Promises created in Deno need to be awaited in Go. That is done by sending its resolved value into a channel, which inherently blocks the current goroutine. Any function defined in Go can be invoked from JavaScript by wrapping it using js.FuncOf, turning it into a regular JavaScript value. Invoking the wrapped function in JavaScript affects the execution model in both languages:

  1. The event loop of the JavaScript runtime gets paused.
  2. A new goroutine is spawned, executing the Go function.
  3. The event loop resumes when this function returns.
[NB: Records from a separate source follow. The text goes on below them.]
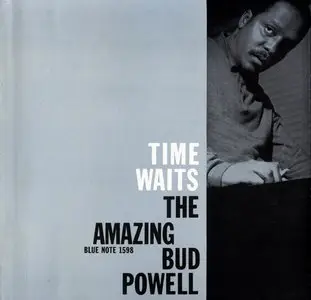 The Amazing Bud Powell - Time Waits (1958) {RVG Edition 1999}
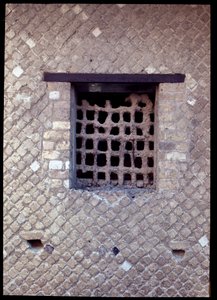 アルコバ家の窓の眺め、紀元前5世紀～紀元1世紀 作： Roman Roman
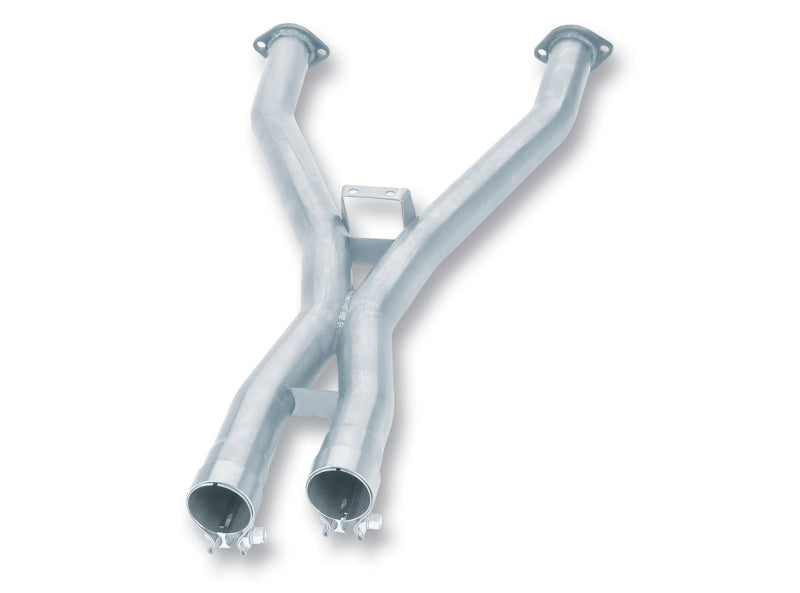 Borla BOR X-pipe Exhaust, Mufflers & Tips X Pipes main image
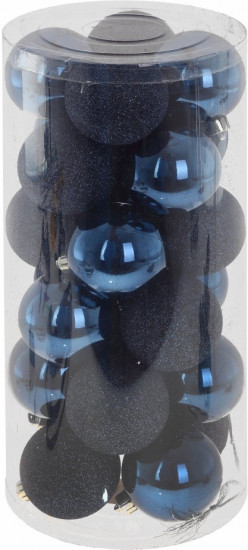 Набор шаров елочных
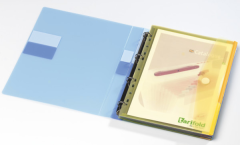 TARIFOLD Dokumententasche A4 6510229 assortiert 12...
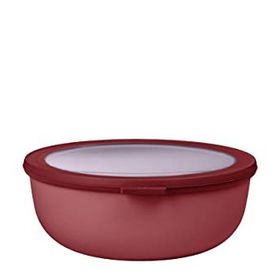 Mepal Multi Bowl Cirqula Round Mauve 2250 ml Saklama Kabı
But there is a catch. Any other function wrapped using js.FuncOf will be executed on the very same new goroutine. This poses a problem when js.FuncOf wraps a Go function that calls (and awaits) a blocking JavaScript API. An example of such API would be fetch or read on a TCP connection. These APIs are asynchronous, meaning their return value resolves not now but some moment later in the future. Asynchronous functions in JavaScript rely on the event loop to process their return value whenever it resolves.

Thus when the event loop gets explicitly paused due to invocation of the wrapped function, it ends up in deadlock as the function defined in Go relies on the (never occurring) resumption of the event loop to return.

That’s why it is the responsibility of the caller of js.FuncOf to start a new goroutine to wrap any blocking function. This allows the wrapped Go function to return immediately with a Promise. This immediate return resumes the event loop so it can process the Promise when it resolves. Take a look at the interop package to see how functions NewPromise and Await respectively wrap blocking functions and await JavaScript Promises in Go.

Performance

KafkaGoSaur can write in batches nearly as fast as kafka-go, but reading suffers roughly a 50% performance penalty:

Read and write performance comparison. Tested on a Confluent Cloud Basic cluster.

The stats function (backed by its Stats counterpart) reports the so-called wait and read times and sheds a light on why this happens. The wait time is the time that is spent waiting for a batch of messages to arrive. The read time is the time it takes to read all the messages from this binary response. Kafka-go spends on average 15 ms waiting for a batch and 160 ms reading its messages. For KafkaGoSaur this is 20 ms waiting and 360 ms reading. Thus most of the performance penalty is incurred when KafkaGoSaur parses messages from the already fetched batch response.

Next steps

The exact cause for the performance degradation in the case of reading needs to be still uncovered. But a potential solution is luckily offered by the dual low- and high-level API that kafka-go offers. If the WebAssembly compiled function to read messages from the batch response is ill-performing, the same functionality can simply be reimplemented directly in Deno by making use of the low-level (but still performant) batch fetching.

Even though KafkgaGoSaur is in the early stage of development, your contributions are highly valued and welcomed! Be an early adopter and feel free to ask for new features, report bugs, or submit your code 🙂.